Bananas are the best source of potassium. In addition to that, these yellow wonders also contain vitamin C, vitamin B6 and a whole lot of fiber, but they may not be ideal for everyone. Essentially, nothing in excess is good, which is why were are here to discuss what are the benefits of daily consumption of bananas as well as how many are actually way too much for normal consumption.

Great Source of Potassium

Potassium is needed by our bodies to generate electrical charges in order for our cells to function correctly. The heart especially needs it to function since the sinoatrial node sparks to send signals for the cardiac muscle contract, therefore, keeping your heart rate at the right speed. It is also responsible for regulating insulin and maintaining optimal blood pressure.

Ideally, it is recommended that adults consume at least 3,500 to 4,700mg of potassium daily. On average, a single banana contains around 450mg of potassium.

Regulate Blood Pressure

Most people are unaware of potassium’s role in the regulation of blood pressure. In reality, the delicate balance between sodium and potassium is what contributes to normalizing blood pressure. According to statistics, less than 2% of American adults are able to meet the daily recommended intake of potassium, which explains the increase in hypertensive cases in recent years.

Minimize Risk of Cancer

By consuming wholesome food and avoiding all the refined sugar, preservatives, and other chemicals, we can definitely avoid getting cancer. Bananas, in particular, are a great source of vitamin C which is essential in breaking down free radicals that causes cancer. Colorectal cancer is also avoided due to the high fiber content in bananas.

Improve Cardiac Health

Cardiovascular disease has been linked to an increase in sodium in our bodies. By increasing the amount of potassium we intake, while minimizing on the sodium we are able to improve our heart health as we know it. People who take at least 4,000mg of potassium in a day have a 49% lower risk of suffering from heart disease compared to those who consume less than 1,000mg.

Improve Digestion

For people with chronic digestive issues, doctors recommend the BRAT diet which is actually an acronym for Bananas, Rice, Applesauce, and Toast. Bananas are quite easy to digest and are quick in replacing electrolytes that may have been lost during diarrheal episodes. They also promote regularity due to the fiber content they possess.

Through this, we can come to the conclusion that consuming bananas daily are essentially good for your health, but as mentioned it isn’t suitable for everyone. Here is why:

Individuals Taking Beta Blockers

Beta blockers are for people with existing heart disease. Eating bananas should be under moderation since too much potassium can create more electrical impulses that their hearts cannot handle.

Individuals with Kidney Problems

People who have kidney problems should not consume a lot of bananas, due to the dysfunction of the kidneys, it will not be able to remove the excess potassium which will cause the individual to suffer from hyperkalemia.

Individuals with Severe Migraines

Some people have experienced migraines that have been triggered by bananas.
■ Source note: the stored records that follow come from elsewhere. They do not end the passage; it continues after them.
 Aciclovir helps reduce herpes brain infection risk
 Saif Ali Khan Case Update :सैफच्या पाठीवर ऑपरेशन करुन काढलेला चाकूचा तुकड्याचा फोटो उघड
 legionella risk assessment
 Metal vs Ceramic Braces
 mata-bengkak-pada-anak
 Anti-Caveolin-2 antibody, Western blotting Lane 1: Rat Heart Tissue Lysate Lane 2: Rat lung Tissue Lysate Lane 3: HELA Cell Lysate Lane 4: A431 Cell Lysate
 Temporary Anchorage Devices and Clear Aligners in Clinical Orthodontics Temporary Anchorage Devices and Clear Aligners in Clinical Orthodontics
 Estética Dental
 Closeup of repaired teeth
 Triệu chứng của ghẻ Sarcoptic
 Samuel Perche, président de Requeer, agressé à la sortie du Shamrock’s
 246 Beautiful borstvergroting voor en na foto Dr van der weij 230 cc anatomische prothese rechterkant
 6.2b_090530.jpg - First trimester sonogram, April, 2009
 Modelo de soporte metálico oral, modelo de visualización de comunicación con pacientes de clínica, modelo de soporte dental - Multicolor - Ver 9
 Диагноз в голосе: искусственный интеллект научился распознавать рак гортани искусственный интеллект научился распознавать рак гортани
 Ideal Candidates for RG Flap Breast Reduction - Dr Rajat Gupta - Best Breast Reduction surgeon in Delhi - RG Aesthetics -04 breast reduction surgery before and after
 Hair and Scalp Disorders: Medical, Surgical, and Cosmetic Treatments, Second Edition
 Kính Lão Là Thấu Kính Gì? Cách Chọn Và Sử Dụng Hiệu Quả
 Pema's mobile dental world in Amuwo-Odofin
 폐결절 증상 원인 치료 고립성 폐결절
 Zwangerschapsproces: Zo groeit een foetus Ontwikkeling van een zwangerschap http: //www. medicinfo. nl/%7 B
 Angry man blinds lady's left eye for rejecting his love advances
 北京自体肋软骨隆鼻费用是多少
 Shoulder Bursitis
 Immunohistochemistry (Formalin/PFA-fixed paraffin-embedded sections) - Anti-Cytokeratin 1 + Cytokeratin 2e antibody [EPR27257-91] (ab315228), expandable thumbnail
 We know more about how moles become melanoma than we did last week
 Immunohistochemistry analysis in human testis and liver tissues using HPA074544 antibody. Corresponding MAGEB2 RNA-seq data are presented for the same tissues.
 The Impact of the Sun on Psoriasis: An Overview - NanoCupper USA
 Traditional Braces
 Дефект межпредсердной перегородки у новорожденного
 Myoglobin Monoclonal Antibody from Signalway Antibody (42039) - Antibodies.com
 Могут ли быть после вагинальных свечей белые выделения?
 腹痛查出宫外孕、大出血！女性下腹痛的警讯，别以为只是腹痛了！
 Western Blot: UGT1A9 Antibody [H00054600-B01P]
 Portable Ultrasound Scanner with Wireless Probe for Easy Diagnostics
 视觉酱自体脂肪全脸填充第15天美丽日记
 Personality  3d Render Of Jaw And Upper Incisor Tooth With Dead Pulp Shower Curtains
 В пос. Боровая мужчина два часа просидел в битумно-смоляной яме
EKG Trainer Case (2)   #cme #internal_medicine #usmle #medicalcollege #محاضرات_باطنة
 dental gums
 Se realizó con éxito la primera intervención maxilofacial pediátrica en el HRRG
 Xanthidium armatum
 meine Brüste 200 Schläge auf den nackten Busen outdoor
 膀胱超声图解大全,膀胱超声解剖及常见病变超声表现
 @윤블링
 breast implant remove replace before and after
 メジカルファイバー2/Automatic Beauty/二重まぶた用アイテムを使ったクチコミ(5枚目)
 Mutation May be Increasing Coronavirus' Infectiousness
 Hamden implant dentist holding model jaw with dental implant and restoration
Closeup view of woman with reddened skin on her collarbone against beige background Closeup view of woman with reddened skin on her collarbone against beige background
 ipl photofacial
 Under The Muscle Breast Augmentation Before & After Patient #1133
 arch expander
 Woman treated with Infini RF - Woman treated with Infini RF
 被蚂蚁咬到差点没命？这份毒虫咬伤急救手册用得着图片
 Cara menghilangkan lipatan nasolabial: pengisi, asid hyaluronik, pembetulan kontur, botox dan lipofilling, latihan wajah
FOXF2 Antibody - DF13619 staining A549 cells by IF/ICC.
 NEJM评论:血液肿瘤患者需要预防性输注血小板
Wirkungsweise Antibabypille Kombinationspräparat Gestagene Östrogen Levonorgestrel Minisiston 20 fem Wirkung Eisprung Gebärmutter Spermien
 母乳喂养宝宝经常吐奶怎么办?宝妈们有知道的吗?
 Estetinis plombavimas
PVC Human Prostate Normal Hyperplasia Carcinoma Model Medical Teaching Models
If you are one of those people, consuming half a banana would be enough as our daily intake.

Banana Allergies

Individuals with hypersensitivity to bananas will experience itching, swelling, wheezing, and hives. This could even result in fatal anaphylactic shock which is why if you do have banana allergies, you must avoid bananas entirely.

The recommended daily amount of potassium is different between individuals. Ideally, you would need to eat about 7 to 8 bananas a day to fulfill the right amount. Unless you already have an existing cardiovascular disease, it is safe to eat more. It would probably take 400 bananas a day to get a healthy person to reach critical potassium levels.

When computing your daily intake, you have to keep in mind that there are other sources of potassium that you may already be consuming. Food like sweet potatoes, tomatoes, spinach, watermelon, beets, beans, butternut squash, edamame, salmon, swiss chard, and yogurt have higher amounts of potassium and would be great to add to your diet.